As part of Harvey Whitehouse’s ERC Advanced Grant, researchers in the Centre for the Study of Social Cohesion (CSSC) continued to investigate the causes of violent extremism in the Middle East, Europe, and SE Asia, including a series of surveys designed with researchers in Indonesia working with fundamentalist religious groups and convicted terrorists in Javanese prisons.
In ongoing efforts to engage with politicians, NGOs, and policy specialists tackling intergroup violence, Whitehouse participated in a wide range of events including the European Business Summit in Brussels, Cumberland Lodge in Windsor Great Park, and meetings in the UK and India co-organized by Oxford’s Centre for the Resolution of Intractable conflict. This target article on the causes of extreme self-sacrifice (including suicide bombing) in Behavioural and Brain Sciences attracted 30 commentaries scheduled for publication over the summer.
CSSC researchers also continued to study morality and religion cross-culturally as part of a large project led by Harvey Whitehouse and Jonathan Jong, funded by the Templeton World Charity Foundation. The project is collecting data on the relationship between religious and moral intuitions all around the world, in collaboration with local researchers. In this paper forthcoming in Current Anthropology, project researcher Oliver Curry heads up a study testing the theory of morality-as-cooperation in 60 societies based on statistical analysis of ethnographic reports.
Meanwhile, two other researchers on this project, Yo Nakawake and Emily Burdett, are investigating why shamans, priests, and other religious and magical practitioners are often accorded moral or political authority in their societies. Do we have an innate bias to associate magical and moral and political power? They are investigating that possibility in studies with preverbal infants and young children and analysis of fairy tales cross-culturally.
Yo Nakawake and Emily Burdett have also been exploring moral and magical motifs in world folktales. In folktales, moral and supernatural motifs often appear in the plot. For example, Cinderella was bullied by her stepmother and sisters, but with magical assistance she finally escaped from misery and obtained happiness. This magical story fits well with our moral intuition that the person in misery should be cared for. Some scholars have suggested that there is a meaningful association between supernatural and moral motifs, since reality does not always follow our moral intuitions; therefore these unrealistic stories are created as the counter-part of reality, thus enabling our moral intuitions to be fulfilled (Jolles, 1930/1958, Zipes, 2012). We are investigating this hypothesis by means of a statistical analysis of folktales sampled from various regions (e.g. Europe, Africa, East Asia, Pacific Islands, North and South America).

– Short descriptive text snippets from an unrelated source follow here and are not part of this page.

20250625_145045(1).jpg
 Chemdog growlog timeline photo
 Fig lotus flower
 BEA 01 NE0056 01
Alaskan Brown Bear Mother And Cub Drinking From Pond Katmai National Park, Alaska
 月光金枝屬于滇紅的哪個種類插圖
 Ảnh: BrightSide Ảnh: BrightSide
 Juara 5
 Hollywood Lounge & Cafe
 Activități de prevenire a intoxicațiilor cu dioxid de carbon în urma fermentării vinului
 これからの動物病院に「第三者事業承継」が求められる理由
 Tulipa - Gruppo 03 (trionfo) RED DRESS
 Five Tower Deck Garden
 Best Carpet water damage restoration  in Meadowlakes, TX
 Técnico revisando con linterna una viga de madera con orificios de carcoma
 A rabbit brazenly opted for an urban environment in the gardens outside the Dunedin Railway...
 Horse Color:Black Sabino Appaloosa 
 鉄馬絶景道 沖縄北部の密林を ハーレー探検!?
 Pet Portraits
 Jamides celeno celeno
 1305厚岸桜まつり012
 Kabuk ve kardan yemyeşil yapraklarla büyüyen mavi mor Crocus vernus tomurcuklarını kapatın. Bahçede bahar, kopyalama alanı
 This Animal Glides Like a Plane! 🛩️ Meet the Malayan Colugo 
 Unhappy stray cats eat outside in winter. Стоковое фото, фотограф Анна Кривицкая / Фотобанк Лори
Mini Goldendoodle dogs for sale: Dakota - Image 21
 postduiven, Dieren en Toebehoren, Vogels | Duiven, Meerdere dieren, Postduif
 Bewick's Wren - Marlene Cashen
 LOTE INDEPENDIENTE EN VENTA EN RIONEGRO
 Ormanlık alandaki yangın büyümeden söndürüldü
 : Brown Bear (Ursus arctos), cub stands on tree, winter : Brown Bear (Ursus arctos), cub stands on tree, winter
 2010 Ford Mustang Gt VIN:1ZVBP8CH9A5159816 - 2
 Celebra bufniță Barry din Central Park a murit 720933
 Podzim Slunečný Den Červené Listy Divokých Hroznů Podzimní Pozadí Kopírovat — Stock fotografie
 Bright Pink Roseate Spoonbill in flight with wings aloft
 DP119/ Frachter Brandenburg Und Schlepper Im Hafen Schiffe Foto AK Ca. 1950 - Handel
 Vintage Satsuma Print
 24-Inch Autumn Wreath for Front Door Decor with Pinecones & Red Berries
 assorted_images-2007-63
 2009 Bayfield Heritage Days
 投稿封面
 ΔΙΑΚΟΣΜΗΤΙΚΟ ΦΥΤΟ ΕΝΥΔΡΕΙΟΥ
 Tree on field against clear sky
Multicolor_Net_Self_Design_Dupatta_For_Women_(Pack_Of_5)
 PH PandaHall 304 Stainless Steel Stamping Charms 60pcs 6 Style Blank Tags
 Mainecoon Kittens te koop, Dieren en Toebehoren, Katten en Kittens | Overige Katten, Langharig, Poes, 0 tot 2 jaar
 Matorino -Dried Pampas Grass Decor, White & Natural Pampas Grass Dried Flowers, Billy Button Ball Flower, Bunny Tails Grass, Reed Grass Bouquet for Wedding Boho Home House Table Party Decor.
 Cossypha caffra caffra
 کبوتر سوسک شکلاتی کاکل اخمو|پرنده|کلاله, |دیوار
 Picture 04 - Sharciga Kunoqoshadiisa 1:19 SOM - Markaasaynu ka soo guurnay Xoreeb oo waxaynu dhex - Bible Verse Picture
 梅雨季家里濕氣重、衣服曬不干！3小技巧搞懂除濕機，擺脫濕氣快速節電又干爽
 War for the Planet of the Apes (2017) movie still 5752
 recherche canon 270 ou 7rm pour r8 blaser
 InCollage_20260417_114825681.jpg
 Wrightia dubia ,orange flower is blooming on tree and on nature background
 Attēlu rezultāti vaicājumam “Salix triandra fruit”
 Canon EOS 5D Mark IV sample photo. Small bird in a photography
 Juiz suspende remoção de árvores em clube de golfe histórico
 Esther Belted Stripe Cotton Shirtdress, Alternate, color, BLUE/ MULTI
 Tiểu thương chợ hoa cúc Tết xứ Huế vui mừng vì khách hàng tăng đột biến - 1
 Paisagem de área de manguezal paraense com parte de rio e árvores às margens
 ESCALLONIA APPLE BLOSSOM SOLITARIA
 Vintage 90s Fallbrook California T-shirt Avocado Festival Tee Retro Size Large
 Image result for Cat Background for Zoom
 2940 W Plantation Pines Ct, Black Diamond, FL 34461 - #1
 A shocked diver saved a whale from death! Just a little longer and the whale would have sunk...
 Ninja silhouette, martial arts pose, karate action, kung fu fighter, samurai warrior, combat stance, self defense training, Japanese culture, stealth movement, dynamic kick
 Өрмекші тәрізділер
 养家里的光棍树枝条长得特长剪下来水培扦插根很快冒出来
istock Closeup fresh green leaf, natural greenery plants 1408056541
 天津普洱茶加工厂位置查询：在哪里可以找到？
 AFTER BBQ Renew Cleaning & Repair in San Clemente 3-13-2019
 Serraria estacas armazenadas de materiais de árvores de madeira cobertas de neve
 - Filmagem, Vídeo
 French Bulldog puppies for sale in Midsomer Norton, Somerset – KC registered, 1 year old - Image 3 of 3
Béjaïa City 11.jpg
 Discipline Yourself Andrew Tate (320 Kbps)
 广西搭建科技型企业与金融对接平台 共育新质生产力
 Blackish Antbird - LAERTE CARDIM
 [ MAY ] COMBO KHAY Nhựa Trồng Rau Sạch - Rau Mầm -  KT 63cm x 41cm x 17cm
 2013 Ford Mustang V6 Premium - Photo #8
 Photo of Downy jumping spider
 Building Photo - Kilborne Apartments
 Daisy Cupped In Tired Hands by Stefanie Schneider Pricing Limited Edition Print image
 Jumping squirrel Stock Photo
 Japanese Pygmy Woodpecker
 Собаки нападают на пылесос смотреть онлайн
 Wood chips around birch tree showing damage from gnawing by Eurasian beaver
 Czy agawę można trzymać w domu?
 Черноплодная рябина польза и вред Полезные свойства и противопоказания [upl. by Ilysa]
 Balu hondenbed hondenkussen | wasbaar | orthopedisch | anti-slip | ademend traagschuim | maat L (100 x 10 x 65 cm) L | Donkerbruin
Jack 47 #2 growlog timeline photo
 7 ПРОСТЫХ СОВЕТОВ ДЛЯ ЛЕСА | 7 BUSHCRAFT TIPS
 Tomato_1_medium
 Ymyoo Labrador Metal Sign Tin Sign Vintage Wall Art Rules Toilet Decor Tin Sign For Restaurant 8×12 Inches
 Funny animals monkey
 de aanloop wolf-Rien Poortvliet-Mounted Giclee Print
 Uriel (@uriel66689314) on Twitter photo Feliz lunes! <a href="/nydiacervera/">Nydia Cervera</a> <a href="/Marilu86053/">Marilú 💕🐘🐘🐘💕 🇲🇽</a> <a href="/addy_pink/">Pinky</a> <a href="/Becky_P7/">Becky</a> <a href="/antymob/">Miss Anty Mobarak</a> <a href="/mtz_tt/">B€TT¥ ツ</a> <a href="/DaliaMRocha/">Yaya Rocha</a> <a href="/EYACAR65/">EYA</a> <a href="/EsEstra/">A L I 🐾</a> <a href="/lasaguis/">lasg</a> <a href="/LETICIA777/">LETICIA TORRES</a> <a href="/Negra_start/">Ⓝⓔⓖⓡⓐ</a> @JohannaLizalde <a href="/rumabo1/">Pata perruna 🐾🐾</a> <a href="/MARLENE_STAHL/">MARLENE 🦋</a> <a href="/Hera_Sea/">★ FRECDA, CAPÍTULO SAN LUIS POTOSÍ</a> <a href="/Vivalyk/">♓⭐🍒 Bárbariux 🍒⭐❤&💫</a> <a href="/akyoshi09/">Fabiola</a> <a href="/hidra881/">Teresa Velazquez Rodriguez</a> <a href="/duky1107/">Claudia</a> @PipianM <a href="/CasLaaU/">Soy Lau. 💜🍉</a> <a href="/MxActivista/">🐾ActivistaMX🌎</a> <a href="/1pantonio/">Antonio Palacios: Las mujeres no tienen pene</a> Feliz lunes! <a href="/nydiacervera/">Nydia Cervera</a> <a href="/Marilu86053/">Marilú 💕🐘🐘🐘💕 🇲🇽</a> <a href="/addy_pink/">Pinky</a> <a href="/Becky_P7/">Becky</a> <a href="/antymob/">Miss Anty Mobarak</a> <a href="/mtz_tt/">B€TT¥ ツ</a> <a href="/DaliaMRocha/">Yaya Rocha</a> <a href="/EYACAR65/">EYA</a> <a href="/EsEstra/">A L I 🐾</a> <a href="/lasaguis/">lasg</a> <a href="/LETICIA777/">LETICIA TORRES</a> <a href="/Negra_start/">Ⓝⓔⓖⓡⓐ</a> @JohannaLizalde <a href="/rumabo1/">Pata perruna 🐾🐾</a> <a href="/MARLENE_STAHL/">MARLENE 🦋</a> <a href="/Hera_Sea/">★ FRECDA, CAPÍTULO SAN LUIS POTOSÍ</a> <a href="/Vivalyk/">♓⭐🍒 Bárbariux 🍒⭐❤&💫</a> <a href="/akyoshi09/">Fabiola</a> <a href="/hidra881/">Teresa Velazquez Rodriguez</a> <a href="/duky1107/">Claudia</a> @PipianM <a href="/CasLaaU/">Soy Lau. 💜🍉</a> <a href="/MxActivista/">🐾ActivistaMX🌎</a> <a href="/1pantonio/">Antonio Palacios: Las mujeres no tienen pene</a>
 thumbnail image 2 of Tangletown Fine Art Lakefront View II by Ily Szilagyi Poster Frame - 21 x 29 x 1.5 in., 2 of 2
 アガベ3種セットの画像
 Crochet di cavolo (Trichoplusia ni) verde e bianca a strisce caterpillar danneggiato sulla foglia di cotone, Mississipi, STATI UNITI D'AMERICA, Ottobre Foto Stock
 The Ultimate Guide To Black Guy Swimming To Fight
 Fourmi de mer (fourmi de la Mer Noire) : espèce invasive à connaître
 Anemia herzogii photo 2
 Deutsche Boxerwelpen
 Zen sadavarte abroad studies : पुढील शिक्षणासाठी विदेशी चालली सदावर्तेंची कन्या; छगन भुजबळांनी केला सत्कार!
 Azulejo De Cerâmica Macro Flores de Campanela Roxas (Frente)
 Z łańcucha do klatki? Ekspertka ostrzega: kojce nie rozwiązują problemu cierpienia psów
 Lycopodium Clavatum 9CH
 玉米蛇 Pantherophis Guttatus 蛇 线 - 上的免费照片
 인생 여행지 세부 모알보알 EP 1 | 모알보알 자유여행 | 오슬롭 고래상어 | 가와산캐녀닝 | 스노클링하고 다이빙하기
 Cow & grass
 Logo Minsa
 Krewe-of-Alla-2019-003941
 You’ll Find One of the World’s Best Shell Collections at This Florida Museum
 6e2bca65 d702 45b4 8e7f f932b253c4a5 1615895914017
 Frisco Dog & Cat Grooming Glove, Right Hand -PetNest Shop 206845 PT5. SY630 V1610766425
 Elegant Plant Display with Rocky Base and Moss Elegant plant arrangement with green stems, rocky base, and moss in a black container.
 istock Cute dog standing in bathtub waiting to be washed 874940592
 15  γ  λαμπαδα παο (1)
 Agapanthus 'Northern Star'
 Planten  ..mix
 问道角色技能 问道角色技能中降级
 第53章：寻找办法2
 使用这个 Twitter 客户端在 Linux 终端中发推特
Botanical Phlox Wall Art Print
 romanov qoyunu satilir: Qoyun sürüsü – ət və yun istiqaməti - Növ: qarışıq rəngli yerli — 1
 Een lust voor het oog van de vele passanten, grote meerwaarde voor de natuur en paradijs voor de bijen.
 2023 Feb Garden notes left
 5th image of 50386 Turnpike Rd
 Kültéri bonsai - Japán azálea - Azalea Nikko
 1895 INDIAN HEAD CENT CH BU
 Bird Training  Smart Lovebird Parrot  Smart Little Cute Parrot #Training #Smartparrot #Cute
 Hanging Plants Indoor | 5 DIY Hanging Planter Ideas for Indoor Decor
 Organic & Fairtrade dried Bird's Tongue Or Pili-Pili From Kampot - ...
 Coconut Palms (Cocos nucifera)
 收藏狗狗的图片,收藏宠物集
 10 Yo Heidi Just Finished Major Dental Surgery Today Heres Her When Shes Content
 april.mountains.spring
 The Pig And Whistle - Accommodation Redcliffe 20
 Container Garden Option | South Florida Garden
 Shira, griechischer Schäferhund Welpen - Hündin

Tobiume is the legendry Japanese apricot tree located in Daizifu Tenmagu (Shinto shrine). According to legend, the tree flew from Kyoto and landed here, since the tree missed the master who was exiled from Kyoto to Dazaifu and decided to follow him. This tree is an example of supernatural/counterintuitive motifs appearing in religious myth or legends violating our intuition (Physicality: the tree flew against gravity; Mentality: the emotional tree moved by itself). This myth also contains a moral element, “respecting authority”, assumed to be one of the moral pillars acquired thorough the evolutionary process.
As part of the Templeton World Charity Foundation on Cognitive and Cultural Foundations of Religion and Morality, researchers including Aitana Willard have collected a multi-religious sample from Singapore to compare how karma-based and non-karma-based religions think about rewards and punishments in the afterlife and next life. The team has started some ethnographic research on a sample of Roma in the Czech Republic with the eventual aim to run economic game experiments comparing how people trust and cooperate with people who practise religion and magic from within and outside of the Roma community.